Porque, hoje, eu fiz um Pacto com a Vida.

terça-feira, dezembro 14, 2010

 

A FORÇA

Há dias enchi o peito, toda ufana, para falar da esperança que tenho num determinado futuro que desejo. Quem me ouvia, fez um ar de profundo enfado, acompanhado de um som que, fora na minha terra e seria um muxoxo, e disse-me, compungida com a patente acefalia do meu ser: "esperança??? isso é uma porcaria!". Sustive (a tempo de não deixar a minha imagem ainda mais denegrida) todo o resto da prelecção que levava preparada e, o mais airosamente que pude, transformei os meus olhos de espanto num redondo ponto de interrogação. "Porcaria??? A Esperança, aquilo que nos mantém vivos ainda que num presente negro? Que nos dá alento para levantar da cama, tomar banho, enfrentar o trânsito, embrutecer em empregos sempre iguais que sonhamos um dia diferentes? Que motiva quarentonas solitárias a irem ao cabeleireiro, fazerem unhas de gel e a passarem na Zara, no mínimo uma vez por semana, para se manterem a par das modas, não vá aparecer-lhes quem lhes limpe o pó e lhes tire as teias de aranha? Que nos faz acreditar que os homens vão aprender a ser diferentes e que, por isso, a Terra continuará azul em 2125? Porcaria???".
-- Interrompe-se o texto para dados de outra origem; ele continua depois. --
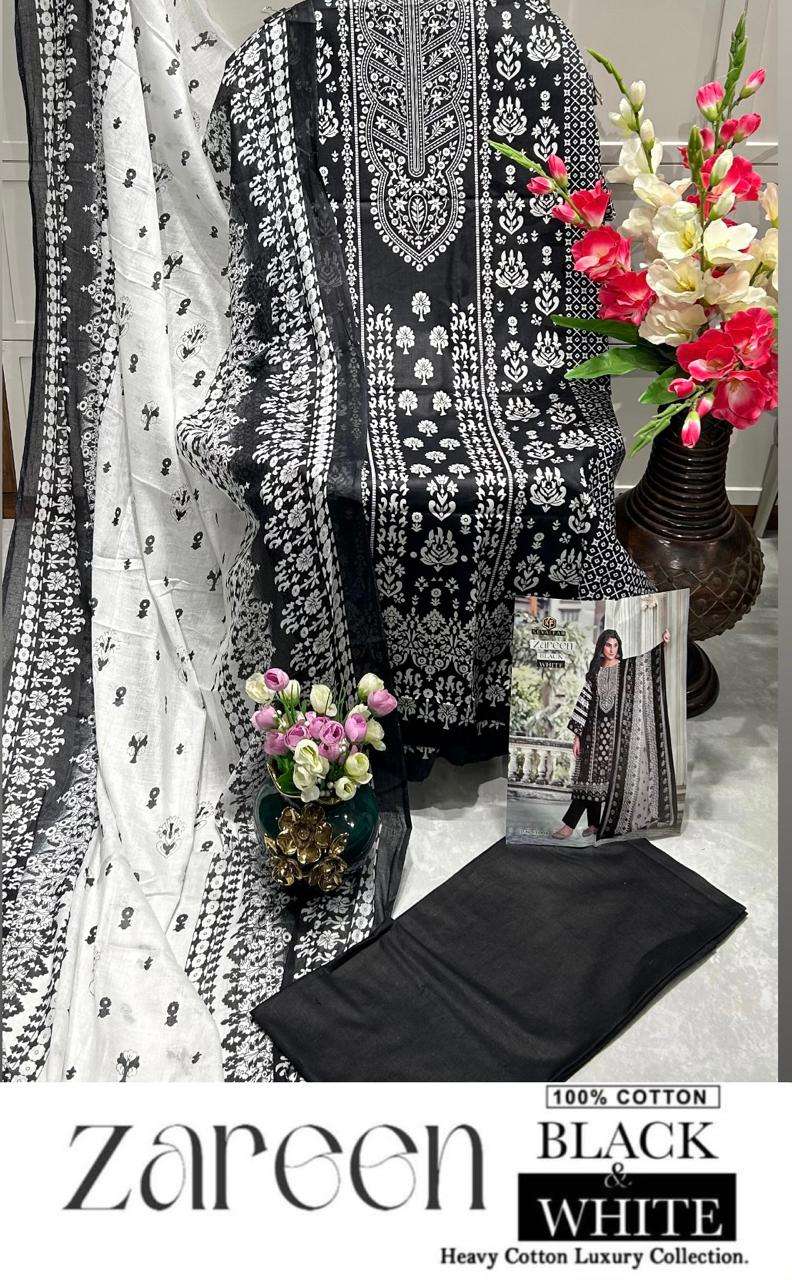 KEVAL FAB ZAREEN BLACK & WHITE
Sim. Porcaria. Aquilo que se chama ao que não serve para nada e que tem como destino o lixo. Porque a esperança (o que me custa ainda dizer isto...) mais não é, na verdade, do que uma muito bem arquitectada falácia construída sobre sinais que queremos seguros mas que, muitas vezes, não passam de projecções dos nossos desejos, que vemos serem aleatoriamente emitidos pelos outros ou, até, pelo universo. Em resumo... porcaria! Porque nos mantém dependentes dos estímulos externos, das luzinhas ao fundo dos túneis, da procura febril (quantas vezes a raiar a ilegalidade) de indícios que nos mantenham em pé.
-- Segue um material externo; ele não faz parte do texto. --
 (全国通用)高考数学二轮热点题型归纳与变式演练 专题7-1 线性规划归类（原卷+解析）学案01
A minha interlocutora sorriu. E, com aquele arzinho de mãe doce que costuma usar comigo, disse-me: "Já a fé...". A FÉ! Essa coisa que não se sabe onde mora dentro de nós porque parece ocupar todo o espaço e ainda transbordar pele fora. "Aquilo que nos toca incondicionalmente". Aquilo que não precisa de provas, nem de indícios, nem de sinais. Que é força que é só nossa e não tem razões. Que nos leva a sermos capazes de nos transcendermos sem limites. A sermos heróis da nossa história pessoal. A lutar até que se nos rasgue a pele e nos caiam as unhas porque o que nos enche o peito é uma vontade indómita que nada fará vergar.

Dizem que o amor é a maior força que existe. Não é. A fé é muito maior. Porque é a fé que nos move em direcção ao verdadeiro amor. No matter what.

 

MORPHINA'S NONSENSE

Não te quero en(ti)mesmada, ouviste? Nem tão pouco me vou en(mi)mesmar... Deixa que se en(si)mesmem à vontade!...

(ainda estou a rir-me)

quinta-feira, dezembro 09, 2010

 

PERDOAI-LHES SENHOR?

Cresci a ouvir (sempre a minha mãe!...) que "desculpa não cura ferida". O estribilho popular diz que "as desculpas não se pedem, evitam-se". Talvez por isso, aprendi a pedir desculpa apenas socialmente, quando o que está em causa é uma falta de correcção, como não segurar uma porta para quem entra atrás de mim, ou sujar uma toalha imaculada ao servir-me. Nas outras situações, tento ser o mais assertiva possível e explicar porque não tive o comportamento esperado. No entanto, a culpa sempre foi presente. É engraçado o paradoxo de ter sido quem me ensinou que as desculpas não servem para nada que mostrou todas as variantes da culpa que podemos - e deveríamos - sentir. E, de cada vez que me insurgia contra esse peso, ainda que sem consciência nenhuma disso, logo aparecia uma categoria nova, mais uma entrada no cardápio das culpas, em permanente actualização.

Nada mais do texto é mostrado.